If I could make a recommendation for Spanish specifically that helped me - I'll paste a comment I made a few months ago


I highly recommend checking out Dreaming Spanish - it’s a channel/site that teaches Spanish through a method called comprehensible input. Basically, all you do is watch, listen, and read in Spanish totally in Spanish, no translations whatsoever. That sounds intimidating, but the beginner stages they really talk at you like you’re a baby almost. They talk with their hands a lot and use drawings. That’s the most important part, because in the beginning you won’t be able to understand any Spanish or hardly any. But by making it so simple you can basically understand even though you don’t know the words. After a hundred or so hours of this, you can move on to slightly less easy content. And so on and so on until you can understand just regular media in spanish. At that point, your learning will really take off, because you can watch things that you’re actually interested in and that will capture your attention more.
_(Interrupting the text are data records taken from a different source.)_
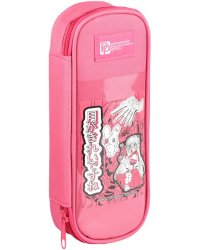 Пенал школьный Девушка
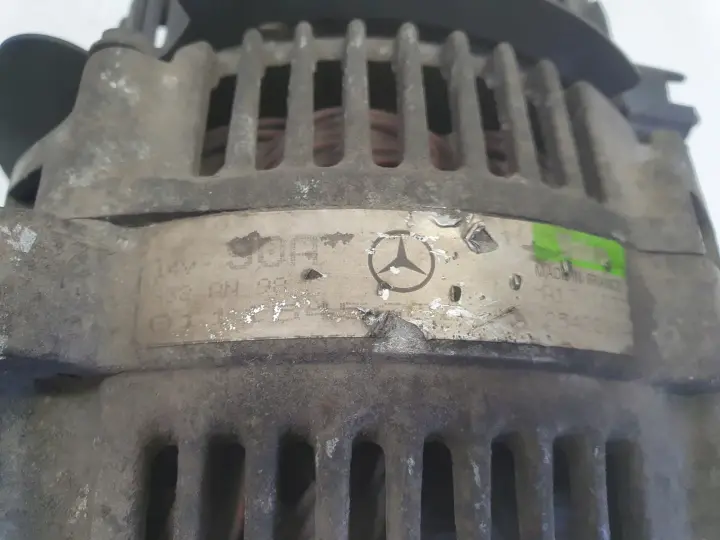 Mercedes W168 1.4 8V ALTERNATOR valeo 90A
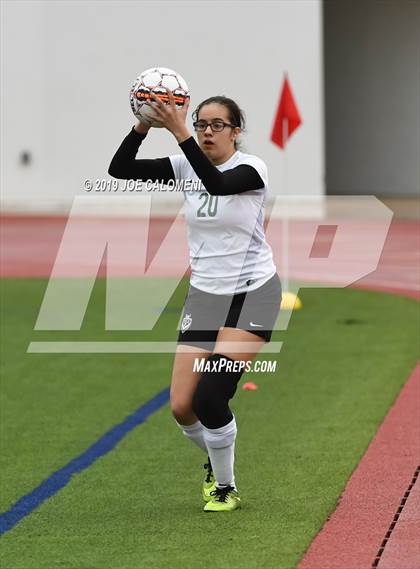 Thumbnail 2 in Pace vs Harlandale (SAISD Tournament) photogallery.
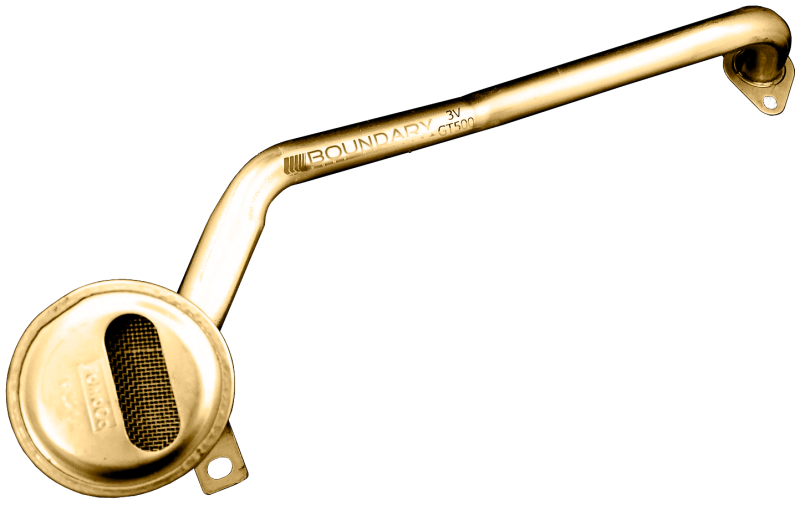 Boundary 99-14 Ford Modular Motor (All Types) V8 Pickup Tube Oil Pickups Boundary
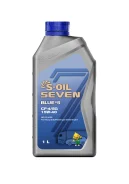 S-Oil Seven Blue #5. 15W-40, �����������������, 1��. ����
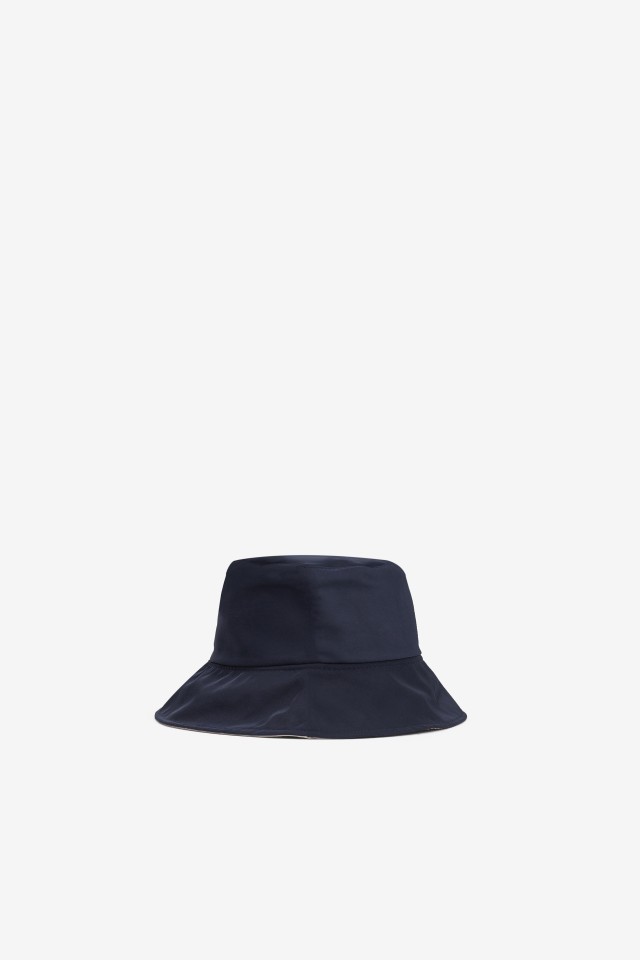 Reversible Bucket Hat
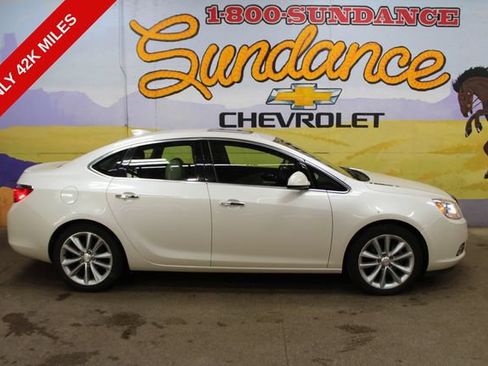Used 2015 Buick Verano Premium FWD image 1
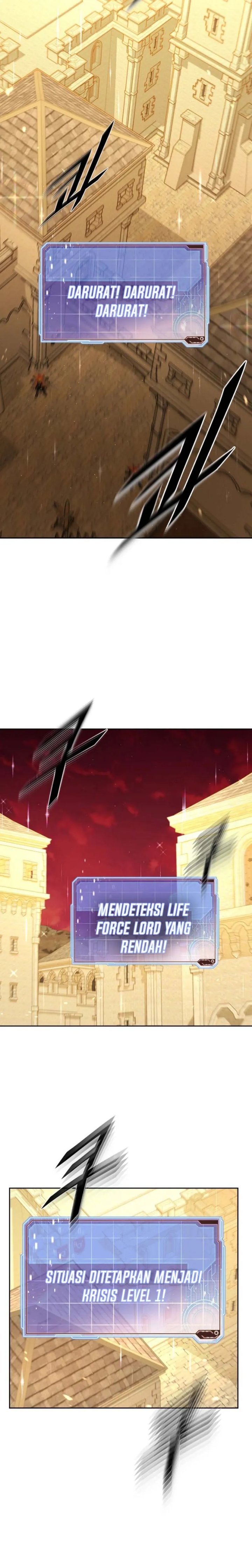 Apocalyptic Chef Awakening chapter 89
They don’t do any explicit grammar or vocabulary practice. That’s on purpose, the arguments of comprehensible input is that language isn’t learned, it’s acquired. You didn’t learn English by rote memorization, you listened a lot. If you can hear a few words and make the connection to the meaning by watching, and then you hear that word dozens or hundreds of times more - you will have a better understanding of that word than a simple translation flashcard could ever give you. Because words don’t have just one meeting they’re complex and change in different situations. But the best part is through this method you won’t even realize that you’re learning these words. Same goes with grammar, with this method things just kind of sound right. You can use the correct grammar, but you might not necessarily be able to explain why. Just like native speakers.
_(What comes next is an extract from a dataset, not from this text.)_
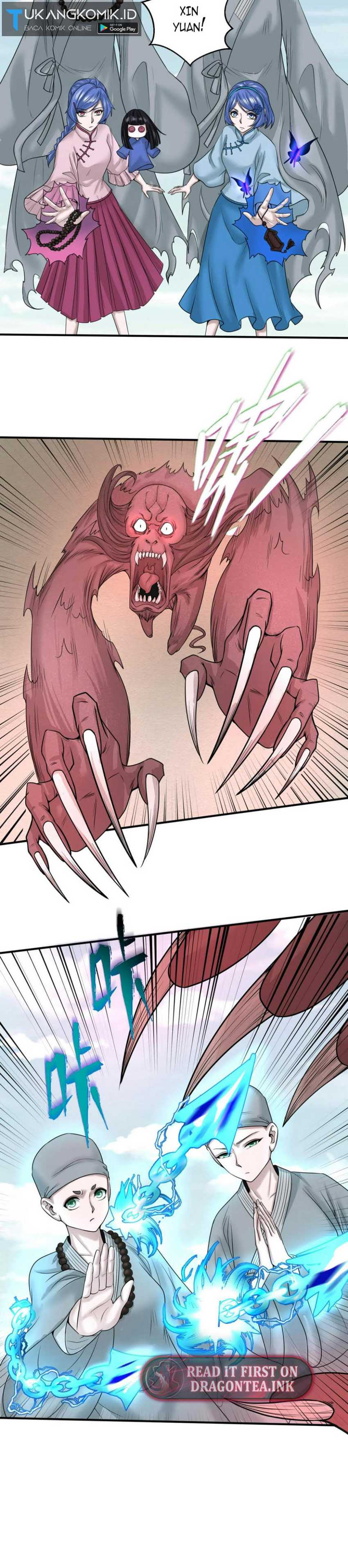Age of Terror Chapter 49 Gambar 17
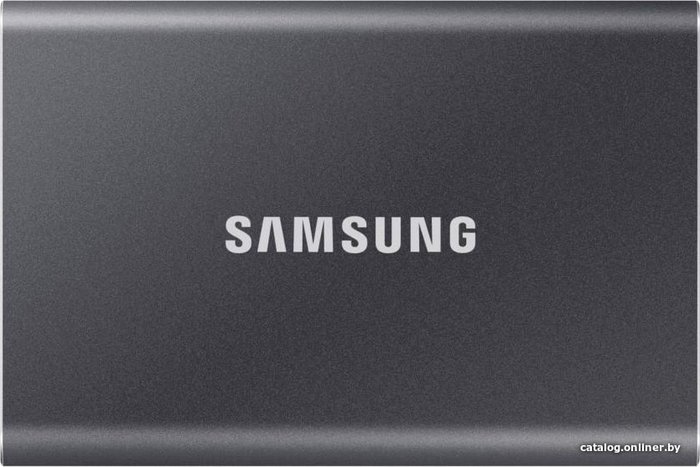 Samsung T7 4TB (szary)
I’ve personally listened, or watched over a thousand hours of things in Spanish in a bit over a year. And at this point most media is almost as easy to watch as English for me. I also read the full Harry Potter series in Spanish. (It was rough at first, but after I got used to the writing style a lot of the times I’d forget it was in Spanish in the more exciting sections) I need to practice speaking more, I can definitely do it and be understood but it lacks pretty significantly behind my understanding but that is really just a question of how much practice I can get. But once you’ve banked 1k, 1.5k hours the rate at which your speaking will improve is way faster than the process of learning so far.

Check out this this playlist of videos that really explains things in more depth. It has English subtitles you’ll have to turn on. https://youtube.com/playlist?list=PLlpPf-YgbU7GrtxQ9yde-J2tfxJDvReNf

They have a ton of free content, and if you want more you can pay just $8 a month - but honestly if you do a few hours a day after a couple months you’ll be able to just watch some YouTube videos of native speakers and you won’t really need dreaming Spanish anymore. But the site does have a handy hour tracker that you don’t need to pay for at all that I still use to this day.
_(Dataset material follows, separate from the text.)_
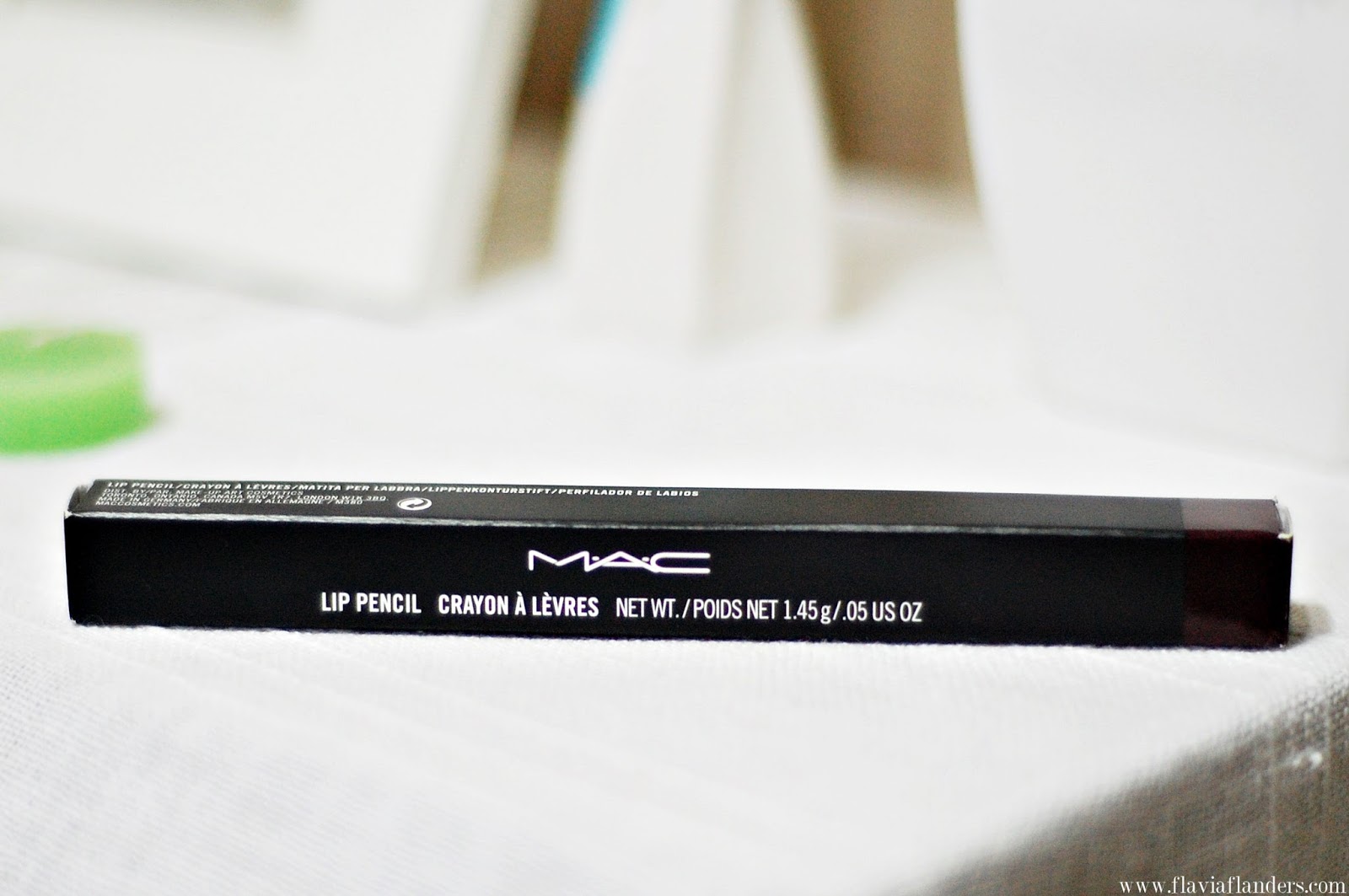 Mac Currant Lip Liner Dupe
I’ve tried to learn French, german, and even Spanish before but until this try when I discovered this method, I didn’t really get anywhere. At this point I’m almost comfortable saying that I’m bilingual. And it really doesn’t take that much effort just make it a routine, and once you can get into more advanced and interesting videos just watch things that you’re interested in. When you really get good, you can just watch the TV shows and movies that you already like to watch, but put on the Spanish dub. It’s that easy. I’m not doing anything differently now than I was before I knew Spanish but I’m learning every day because I just do the things I normally did but in spanish!

You can start their Super Beginner (most basic level) here: https://youtube.com/playlist?list=PLlpPf-YgbU7GbOHc3siOGQ5KmVSngZucl

But I’d recommend doing it on https://www.dreamingspanish.com/ where it will automatically track your watch time, let you filter by person/accent/level/topic, etc.

The beginning is by far the hardest part. The least interesting videos, the least level of comprehension. It will feel like a chore. Luckily the beginning is where you have the most motivation to push through it.